WHAT YOU WILL DO:
In the entries that follow, find the line containing "iPhone 16 Plus与前代相比，在设计上有哪些不同？" and the line containing "Netkaná textília Garden", then retype exactly the lines from the first through the second, pictures excluded.

STUDY MATERIAL:
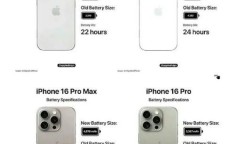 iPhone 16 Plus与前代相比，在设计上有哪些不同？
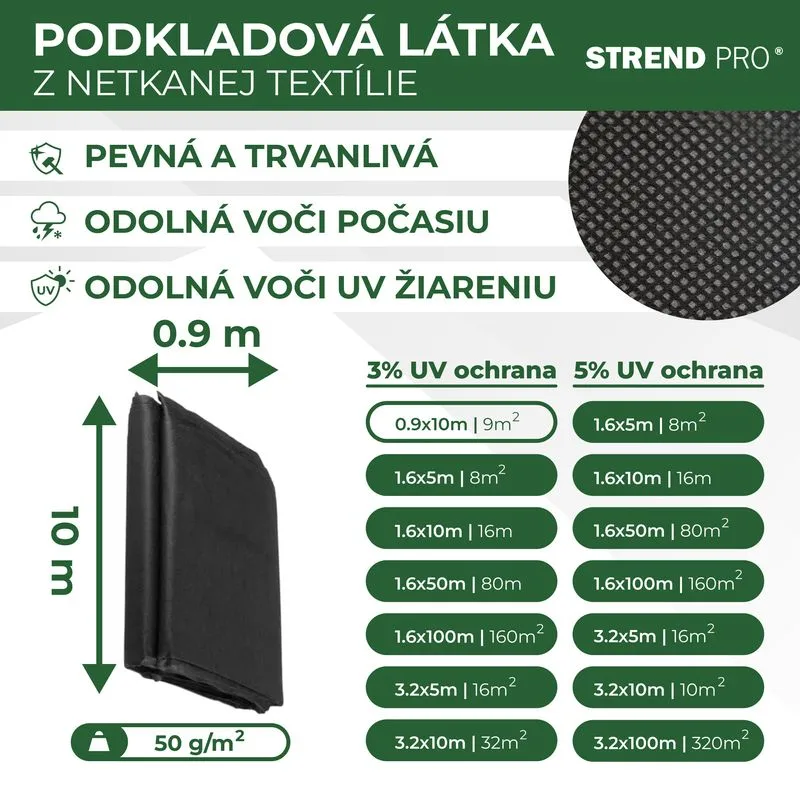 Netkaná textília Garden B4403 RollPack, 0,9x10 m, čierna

==

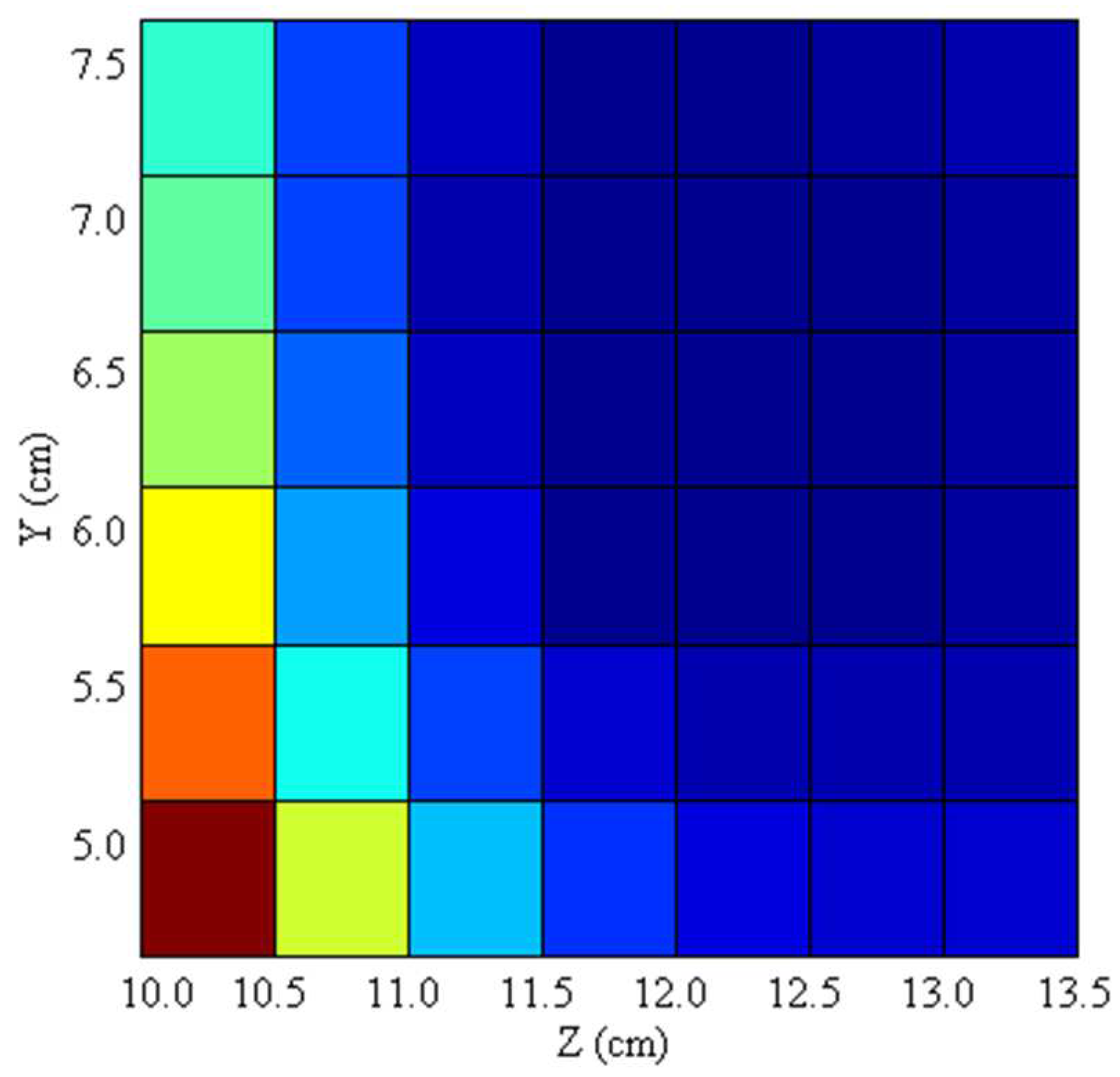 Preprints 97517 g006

* * *

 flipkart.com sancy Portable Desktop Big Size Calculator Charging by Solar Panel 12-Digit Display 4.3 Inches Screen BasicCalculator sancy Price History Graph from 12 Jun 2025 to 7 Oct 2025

TASK RESULT:
 iPhone 16 Plus与前代相比，在设计上有哪些不同？
 Netkaná textília Garden B4403 RollPack, 0,9x10 m, čierna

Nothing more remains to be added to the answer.